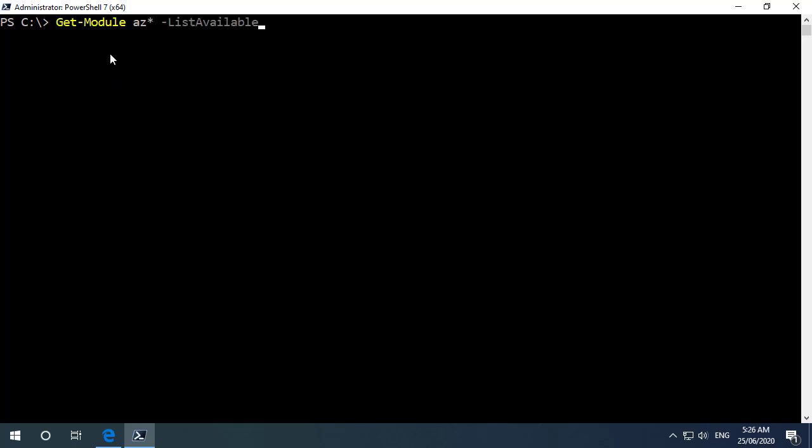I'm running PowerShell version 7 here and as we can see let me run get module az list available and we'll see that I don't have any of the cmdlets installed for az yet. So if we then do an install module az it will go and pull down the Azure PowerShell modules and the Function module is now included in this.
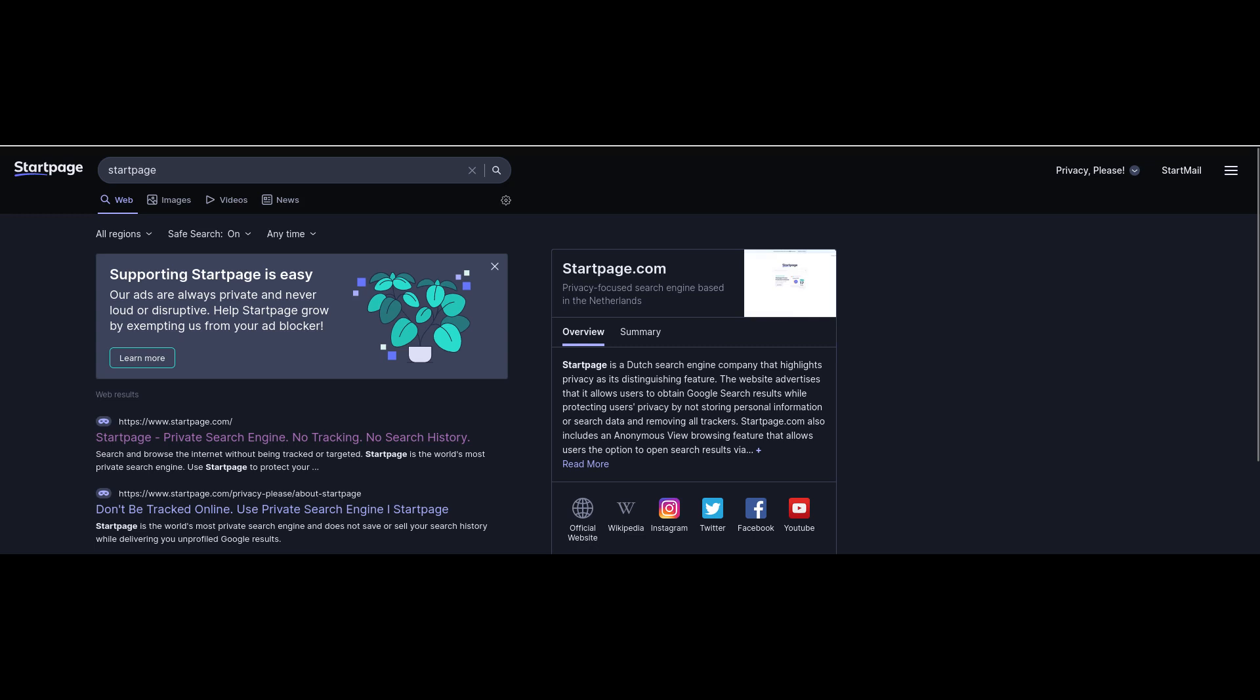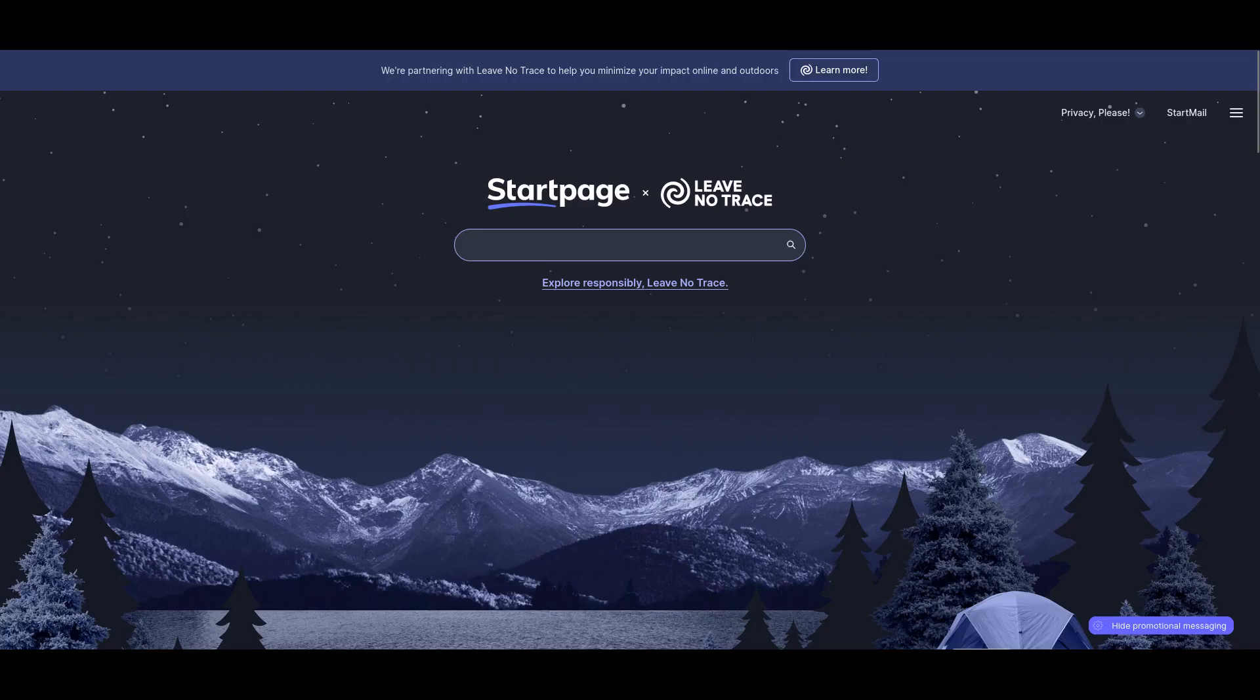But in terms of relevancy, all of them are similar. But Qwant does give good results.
————————
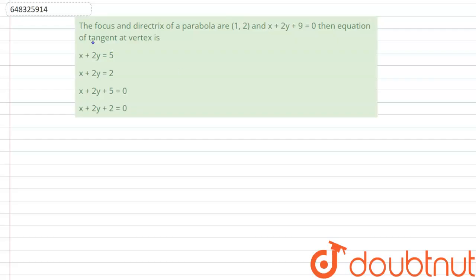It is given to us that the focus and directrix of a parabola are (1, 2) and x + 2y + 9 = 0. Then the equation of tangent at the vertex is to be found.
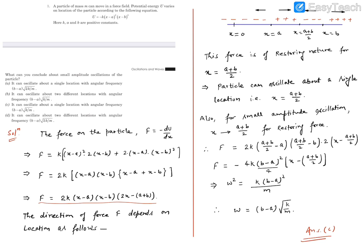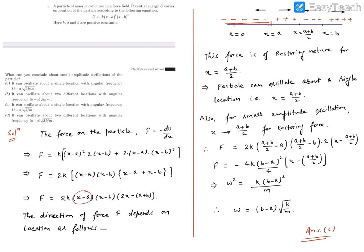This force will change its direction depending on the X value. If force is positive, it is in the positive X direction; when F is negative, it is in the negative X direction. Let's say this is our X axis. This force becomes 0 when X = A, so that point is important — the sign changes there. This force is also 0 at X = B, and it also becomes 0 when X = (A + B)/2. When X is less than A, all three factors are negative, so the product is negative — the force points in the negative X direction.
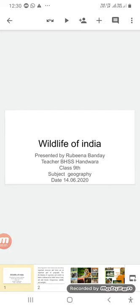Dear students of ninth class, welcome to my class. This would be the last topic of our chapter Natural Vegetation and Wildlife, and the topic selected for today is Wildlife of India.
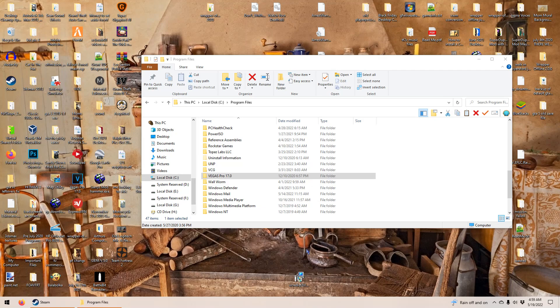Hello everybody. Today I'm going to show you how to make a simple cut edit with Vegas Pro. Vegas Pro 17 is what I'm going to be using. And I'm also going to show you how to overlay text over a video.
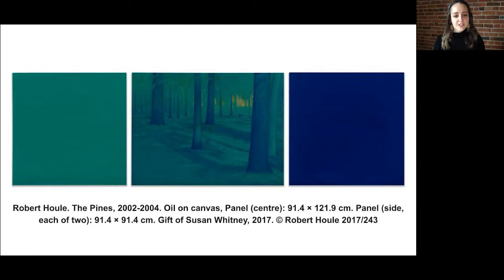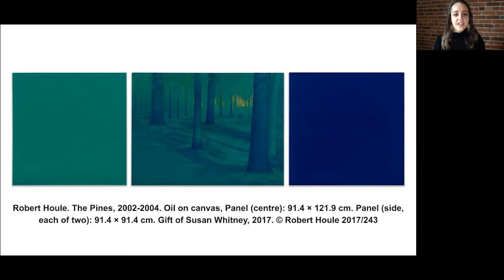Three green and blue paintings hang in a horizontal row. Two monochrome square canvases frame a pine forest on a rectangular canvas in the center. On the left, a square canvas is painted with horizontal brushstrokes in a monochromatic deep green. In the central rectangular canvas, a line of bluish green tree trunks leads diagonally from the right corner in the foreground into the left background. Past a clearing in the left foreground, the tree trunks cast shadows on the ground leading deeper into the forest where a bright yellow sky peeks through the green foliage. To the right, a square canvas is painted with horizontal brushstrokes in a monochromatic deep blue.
————————
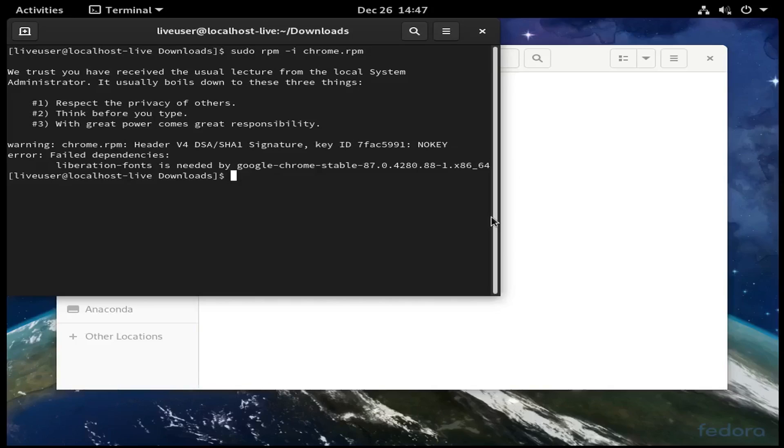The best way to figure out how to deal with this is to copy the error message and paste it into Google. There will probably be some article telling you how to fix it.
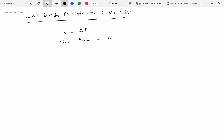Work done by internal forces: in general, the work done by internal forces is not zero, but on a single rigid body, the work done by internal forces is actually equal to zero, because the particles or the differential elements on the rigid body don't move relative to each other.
————————
Work required => Look above for the line with "The best way", then give again exactly every line from there through the line with "Work done by internal forces: in", skipping the pictures.

Response area =>
The best way to figure out how to deal with this is to copy the error message and paste it into Google. There will probably be some article telling you how to fix it.
Work done by internal forces: in general, the work done by internal forces is not zero, but on a single rigid body, the work done by internal forces is actually equal to zero, because the particles or the differential elements on the rigid body don't move relative to each other.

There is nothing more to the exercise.